A Lisboa chegam muito fragilizados os principais líderes europeus da esquerda e do centro-esquerda, que até há pouco tempo prometiam protagonizar uma alternativa aos programas de aplicação ortodoxa das medidas de austeridade. Um está prestes a abandonar o poder pela porta pequena, outro tem visto a sua governação esmagada pelos sucessivos programas de ajustamento e o mais recente tem um papel interino pouco decisivo.

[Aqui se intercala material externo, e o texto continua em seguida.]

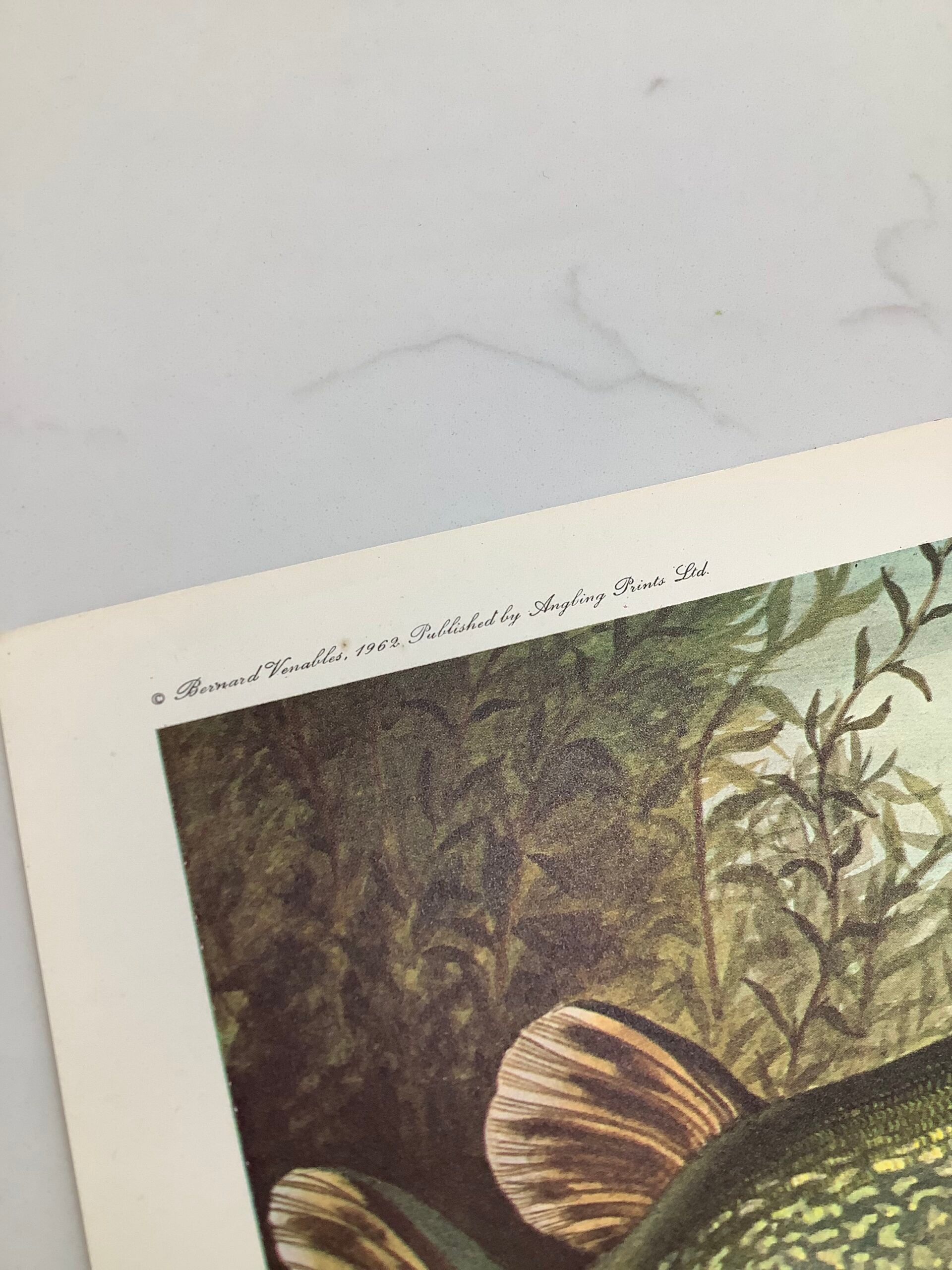 Bernard Venables 1962 Angling Picture Prints of The Carp Pike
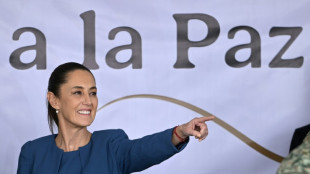 Mexique : La pr&eacute;sidente Claudia Sheinbaum officialise le lancement d'un programme de d&eacute;sarmement 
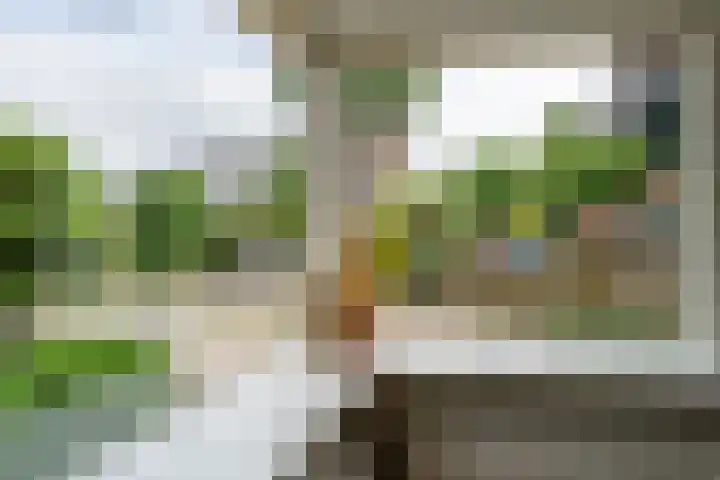 Kerkpad 12 Blaricum thumbnail 11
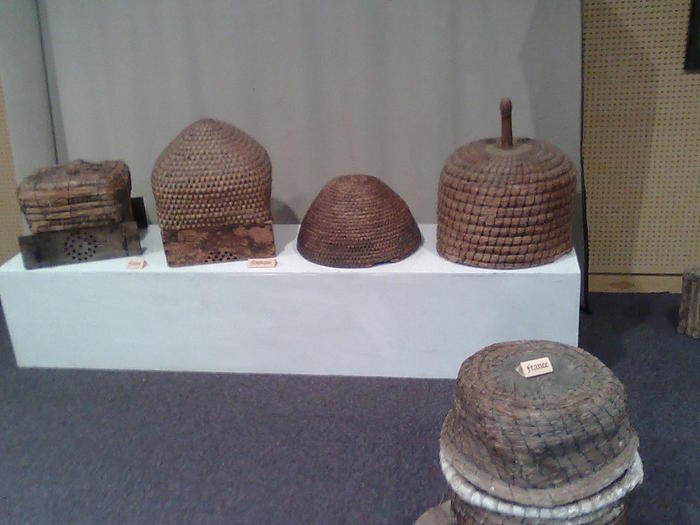 Imagine1141 - ApiMondia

O discurso do Presidente francês, François Hollande, a 1 de Dezembro, a anunciar que não se recandidatava à presidência, cristaliza o sentimento de decepção que marca os seus cinco anos no Palácio do Eliseu. Hollande foi eleito em 2012 como o “homem normal” que se propunha a dizer não à austeridade promovida por Berlim. O seu mandato é, porém, marcado pela aprovação de algumas das reformas mais violentas na área laboral, virando contra si praticamente todos os sindicatos. O resultado: a direita não passou a apoiá-lo e a esquerda que o elegeu abandonou-o.

No discurso de 1 de Dezembro, reconhece de forma tão profunda que falhou que diz temer que uma campanha de recandidatura se torne um “risco” para os socialistas franceses. Hollande, o mais impopular Presidente da Quinta República, chega a Lisboa com um pé fora do poder, o Partido Socialista totalmente dividido e com a ameaça da Frente Nacional.

Na Grécia, cinco anos da mais dura austeridade levaram a um grito de revolta que se traduziu na chegada do Syriza ao poder. Dois anos depois, a pressão dos credores internacionais voltou a impor-se, deixando ao primeiro-ministro, Alexis Tsipras, uma margem de manobra muito reduzida. As privatizações, às quais o Syriza se opunha na oposição, regressaram, com a venda da empresa ferroviária e da companhia de fornecimento de água. Pelo caminho vão sendo afastados os ministros críticos da deriva do partido da esquerda radical.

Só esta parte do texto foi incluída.